A continuation of my study and reflections on the Book of John
Jesus Cleanses the Temple, John 2:13-22
13 Now the Passover of the Jews was at hand, and Jesus went up to Jerusalem. 14 And He found in the temple those who sold oxen and sheep and doves, and the money changers doing business. 15 When He had made a whip of cords, He drove them all out of the temple, with the sheep and the oxen, and poured out the changers’ money and overturned the tables. 16 And He said to those who sold doves, “Take these things away!

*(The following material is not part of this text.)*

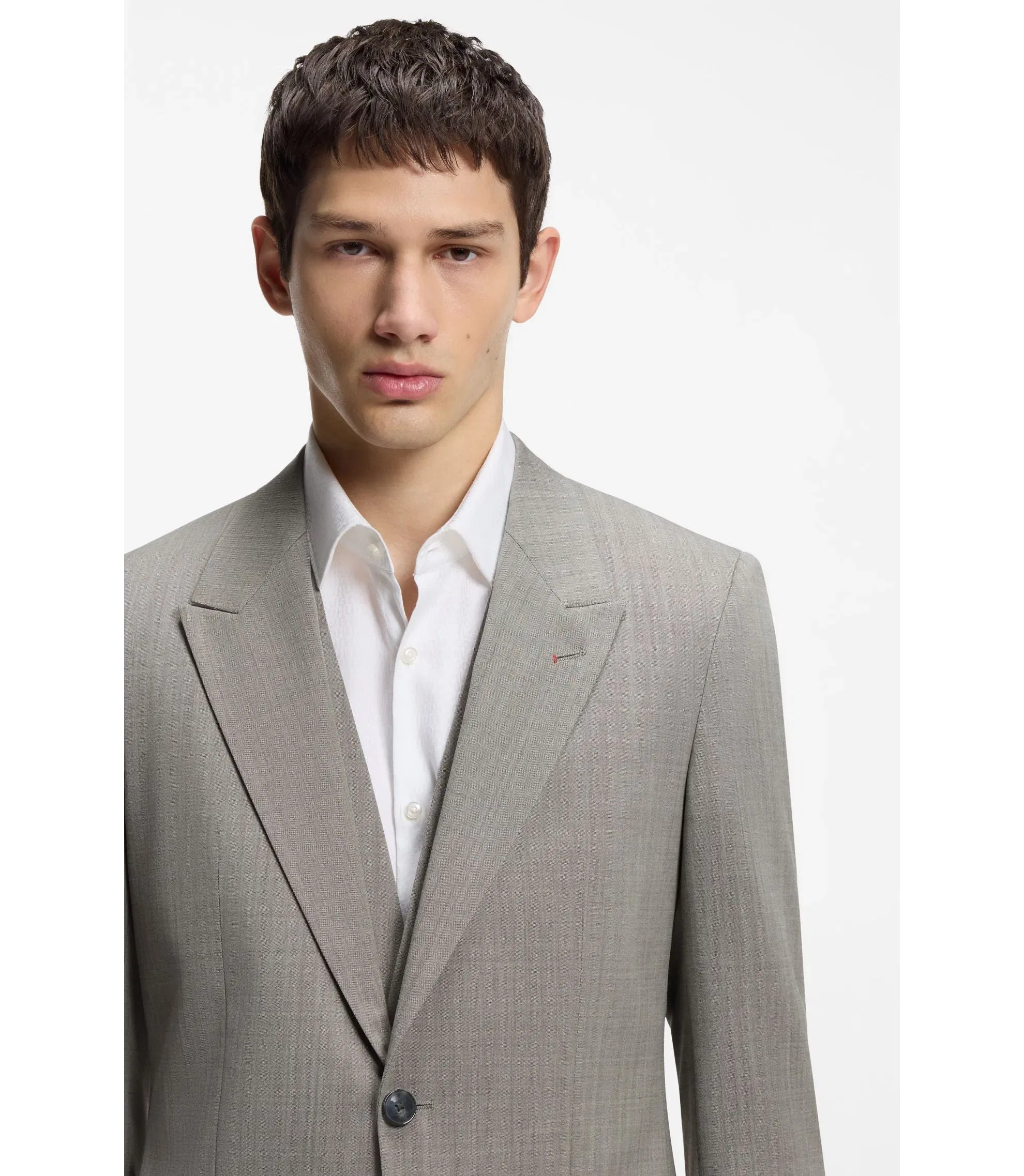 Hugo Three Piece Slim Fit Suit In Wool Blend Poplin Light Green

Do not make My Father’s house a house of merchandise!” 17 Then His disciples remembered that it was written, “Zeal for Your house has eaten Me up.”18 So the Jews answered and said to Him, “What sign do You show to us, since You do these things?” 19 Jesus answered and said to them, “Destroy this temple, and in three days I will raise it up.” 20 Then the Jews said, “It has taken forty-six years to build this temple, and will You raise it up in three days?”21 But He was speaking of the temple of His body. 22 Therefore, when He had risen from the dead, His disciples remembered that He had said this to them; and they believed the Scripture and the word which Jesus had said.
John begins this narrative with the picture of Judaism; he states that “the Passover of the Jews was at hand”. It was an ordinance that the Jews celebrate the Passover for generations to come as a festival to the Lord (Exodus 12:24). It was a reminder of how God had delivered Israel from the bondage of the Egyptians―a redemptive theme. All Jewish males were required to present themselves at the temple in Jerusalem. Jesus in fulfillment of this Law went to the temple at Jerusalem.
The setting at the temple was not for a place of worship. The Jewish authorities had turned this ordinance from its purpose to honor God to another exploitative procedure against the people. The people by Law would come to the temple to make peace offerings, fellowship offerings to God at the temple, and by requirement of the Law their sacrifice must be an animal without blemish for it to be acceptable on to God(Leviticus 22:1). The inspectors at the temple would be in the practice of finding something wrong with the animal that is to be sacrificed, thereby forcing the people to buy an animal at astronomical prices in the temple. Also the temple tax had to be paid in Jewish currency, and the money changers were charging exorbitant exchange rates.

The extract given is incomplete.